Throughout 2017, Supreme Court Justice Ruth Bader Ginsburg, 83, has been rumored to be considering retirement. This news stirs up reactions by many around the country, but none more than Democrats who know if Justice Ginsburg retires, it will leave another opportunity for Donald Trump to nominate someone who would further solidify an ultra-conservative Supreme Court majority, thus directing the course of the nation for decades—perhaps centuries.
Given the Republicans have the majority in Congress after an election, still declared by many to be illegitimate, the Senate Majority Leader Mitch McConnell would most likely bulldoze Trump’s second nominee into the highest court, as McConnell did with Neil Gorsuch this past year. Republican Senate Leader Mitch McConnell actually changed long-standing government rules to give the open seat left open by the death of Supreme Court Justice Anthony Scalia, to Neil Gorsuch, after refusing to acknowledge former President Obama’s nominee of Merrick Garland.
Here is an excerpt of the NPR interview between news correspondent Nina Totenberg and Supreme Court Justice Ruth Bader Ginsburg. Among many subjects, they discuss the timing of Ginsburg’s biographical book release and the timing of her projected retirement.

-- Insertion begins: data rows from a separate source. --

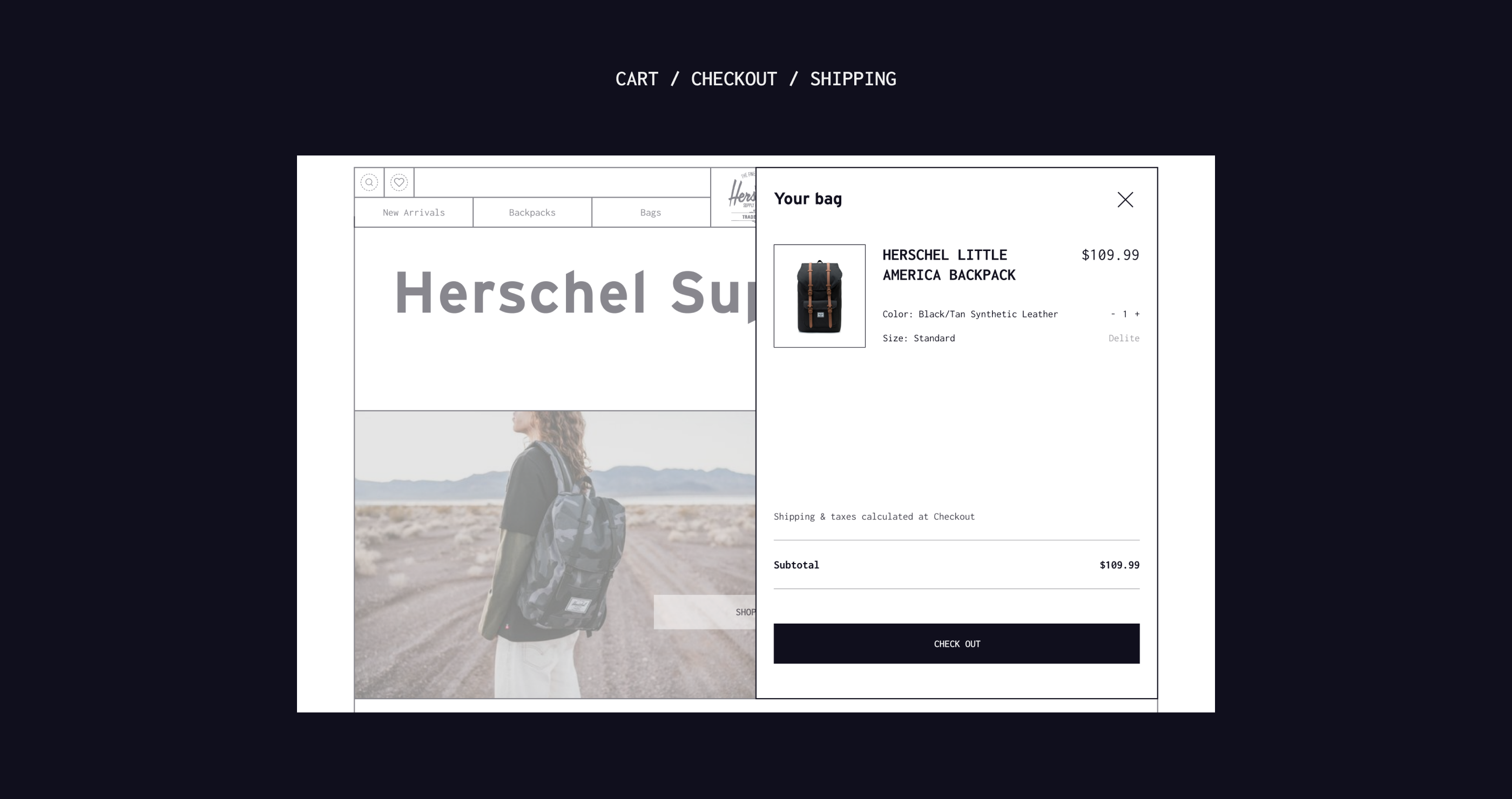 HERSCHEL | E-commerce Redesign — Изображение №6 — Интерфейсы, Брендинг на Dprofile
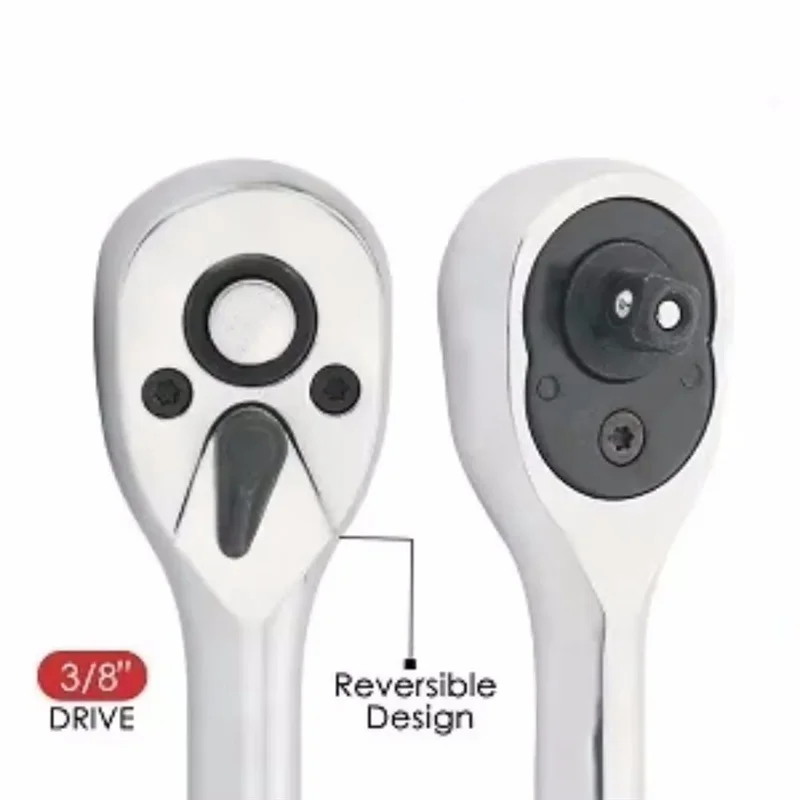 ABJI-Strumento di riparazione manuale Chiave a cricchetto 24 denti a sgancio rapido 1/4" 3/8" 1/2" Presa per dado automobilistico Reversibile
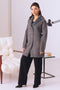 GREY COAT COLLAR FULL SLEEVES CARDIGAN SWEATER (24X-076-66)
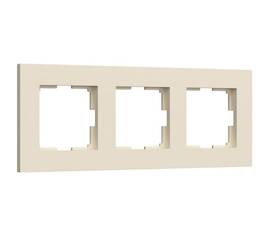 Рамка на 3 поста Werkel Slab айвори матовый W0032962 4690389193446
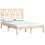 Berkfield Bed Frame without Mattress Solid Wood Double 3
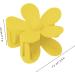 Cute Flower Claw Clip Colorful Flower Hair Clips Flower Pattern for Daughters for Hair Accessories(Light yellow) - Buy Online on GoSupps.com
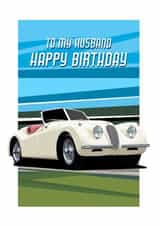 Classic Car XK120 for Husband's birthday created by RetroMotion Artwork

RUTH BADER GINSBURG: My biographers would like to have my time at the court almost complete before they finish the book. We decided last October to flip the order.
TOTENBERG: Is that your way of saying you don’t intend to retire anytime soon?

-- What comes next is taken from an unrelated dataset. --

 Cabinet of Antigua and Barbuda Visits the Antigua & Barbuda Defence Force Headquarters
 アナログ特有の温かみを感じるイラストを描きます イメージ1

GINSBURG: I will retire when it’s time. And when is it time? When I can’t do the job full-steam.
TOTENBERG: To read these pieces is to view the span of a professional career that’s profoundly changed the lives of American women, their families, their schools and their workplaces.
Ginsburg “running out of steam” doesn’t seem to be in any part of her character. Her contribution to withholding, protecting and amending the U.S. Constitution for the people, lasted decades and profoundly changed the course of American history as well as expanded vast possibilities for American women.